- Born: Michael Rodney Freedland 18 December 1934 Hackney, London, England
- Died: 1 October 2018 (aged 83) Aberdeen, South Dakota, United States
- Occupations: Journalist and broadcaster

= Michael Freedland =

British biographer, journalist and broadcaster

Michael Rodney Freedland (18 December 1934 – 1 October 2018) was a British biographer, journalist and broadcaster.

== Early life ==
Freedland was born in 1934 in Hackney, north London, to parents Dave Freedland, manager of a menswear shop, and Lily (née Mindel). Freedland was raised in Luton, Bedfordshire. As a child, he showed an interest in newspapers and news. He left Luton Grammar School in 1951, at the age of 16.

== Career ==
Freedland was Jewish. He began his career as a journalist on local newspapers in 1951, after leaving school, initially working for The Luton News. He was reporting for the newspaper in 1957 when he was the only journalist present when prime minister Harold Macmillan made his declaration that Britons had "never had it so good". Later, he was on the staff of the Daily Sketch for a year, before turning freelance in 1961. His broadcasting career began in the following year, and he wrote for The Sunday Telegraph, The Spectator, The Guardian, The Observer and The Economist.

As a biographer, he specialised in Hollywood and its entertainers, plus some prominent British subjects. His book on Al Jolson, originally published in 1971, reached its eighth edition in 2007. Freedland wrote over forty books, mainly biographies. He wrote and presented programmes for BBC Radio 2 in the UK on his subjects, including Elvis Presley, Bob Hope and Judy Garland. Asked about what to include in an individual's life history, the immediate concern was the Garland book, he said in 2010: "I am a great believer in telling it as it was. I am very certain of the need for warts and all. How else can you tell a full rounded story?"

Freedland's books included more general histories. Witch Hunt in Hollywood: McCarthyism's War On Tinseltown is an account of the activities of Senator Joseph McCarthy and (the not directly connected) House Un-American Activities Committee. In Freedland's view: "For Communist read Jew. The hearings ... were as much (some would say more) antisemitic as anti-Communist. Hollywood was chosen for the attack because of the great publicity value the movie capital offered. It was also a great opportunity to get at the Jews of Hollywood."

His radio show You Don't Have To Be Jewish began in 1971. Initially broadcast by BBC Radio London, and later by LBC, it was gradually extended in length and ran for 24 years. In 2021, BBC Sounds, with the help of BBC Archives, rebroadcast fifty episodes of the programme.
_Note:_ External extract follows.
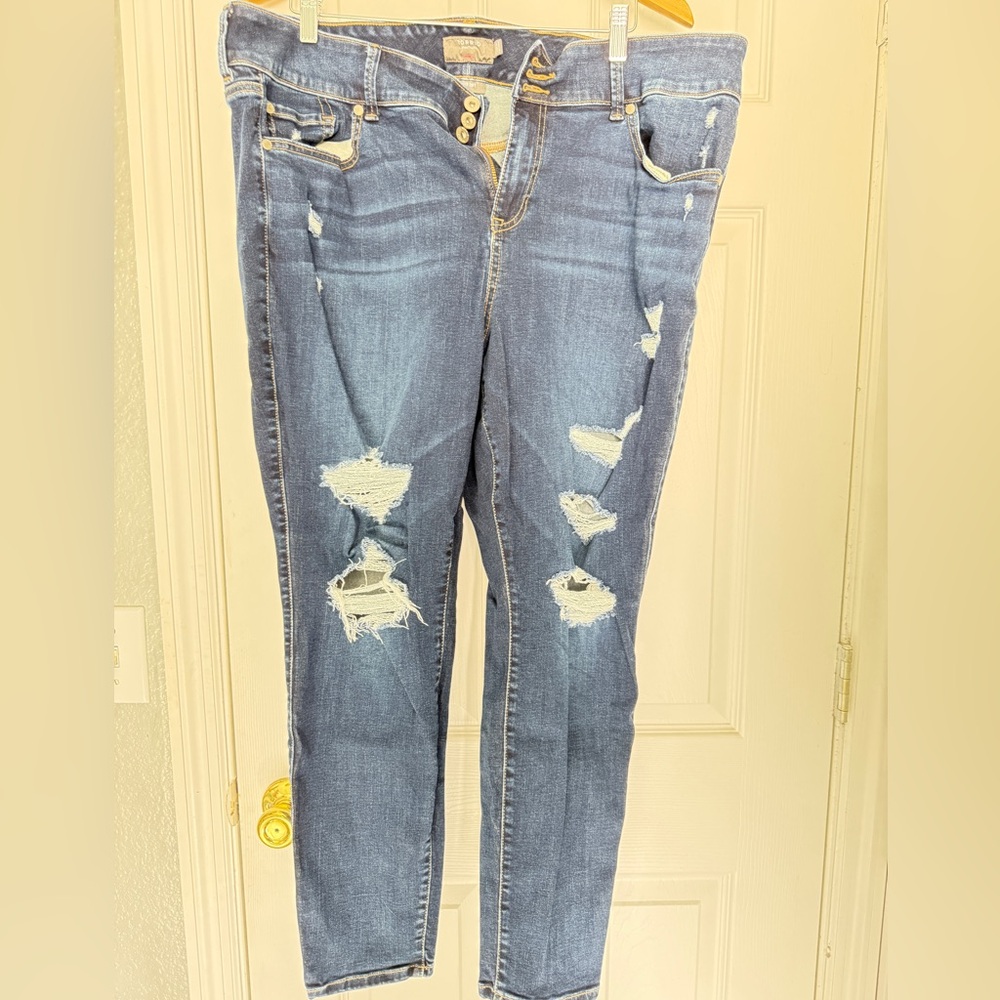 EUC Size 22R Torrid Light Blue Destructed Jegging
Ben Helfgott: The Story of One of the Boys (2018) was the first of his books to relate to the Holocaust. Helfgott, a weightlifter who competed for Britain in the Melbourne and Rome Olympics, was a survivor of the Buchenwald and Theresienstadt concentration camps.

==Personal life and death==
Freedland was married for 52 years to Sara Hocherman, who died in 2012. One of the couple's daughters, Fiona, was a solicitor specialising in medical negligence claims; she died in 2014. Their middle child, daughter Dani, worked as a successful charity fundraiser, while their son is the journalist and thriller writer Jonathan Freedland. Like his son, Michael Freedland was a regular contributor to The Jewish Chronicle. His Confessions of a Serial Biographer, an autobiography, appeared in 2005.

At the time of his death, Freedland was working on a biography of the Hollywood lawyer Charles "Chuck" Levy. This had taken him to Aberdeen, South Dakota, where he experienced a fatal heart attack and died in his hotel room on 1 October 2018, aged 83. He was survived by his son Jonathan and daughter Dani.